**Dataset records**
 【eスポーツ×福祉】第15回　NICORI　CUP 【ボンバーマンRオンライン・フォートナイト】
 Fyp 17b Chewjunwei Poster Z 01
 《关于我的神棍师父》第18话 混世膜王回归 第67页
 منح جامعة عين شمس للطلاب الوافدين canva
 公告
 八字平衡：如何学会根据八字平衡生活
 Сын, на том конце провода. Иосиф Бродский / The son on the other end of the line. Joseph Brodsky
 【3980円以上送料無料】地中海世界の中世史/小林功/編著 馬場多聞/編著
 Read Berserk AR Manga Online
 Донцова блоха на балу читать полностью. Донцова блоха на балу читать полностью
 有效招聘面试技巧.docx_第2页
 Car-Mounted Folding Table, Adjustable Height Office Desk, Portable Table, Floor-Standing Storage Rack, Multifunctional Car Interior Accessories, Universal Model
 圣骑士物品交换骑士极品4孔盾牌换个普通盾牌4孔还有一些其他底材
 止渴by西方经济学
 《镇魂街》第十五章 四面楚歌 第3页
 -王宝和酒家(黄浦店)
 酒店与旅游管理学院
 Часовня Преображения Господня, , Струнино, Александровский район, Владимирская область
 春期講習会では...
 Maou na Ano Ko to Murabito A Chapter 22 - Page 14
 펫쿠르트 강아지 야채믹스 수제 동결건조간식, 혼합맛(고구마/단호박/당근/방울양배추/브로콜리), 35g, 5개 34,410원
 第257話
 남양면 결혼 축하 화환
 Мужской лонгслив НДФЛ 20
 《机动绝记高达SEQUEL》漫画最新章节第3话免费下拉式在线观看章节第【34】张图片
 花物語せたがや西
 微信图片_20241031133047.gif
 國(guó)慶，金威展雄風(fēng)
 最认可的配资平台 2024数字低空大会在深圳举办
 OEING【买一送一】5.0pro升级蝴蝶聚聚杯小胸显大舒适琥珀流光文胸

**Problem statement**
Only the last part of the entries above is needed: please copy the line with "最认可的配资平台 2024数字低空大会在深圳举办" and each line after it exactly.

**Answer space**
 最认可的配资平台 2024数字低空大会在深圳举办
 OEING【买一送一】5.0pro升级蝴蝶聚聚杯小胸显大舒适琥珀流光文胸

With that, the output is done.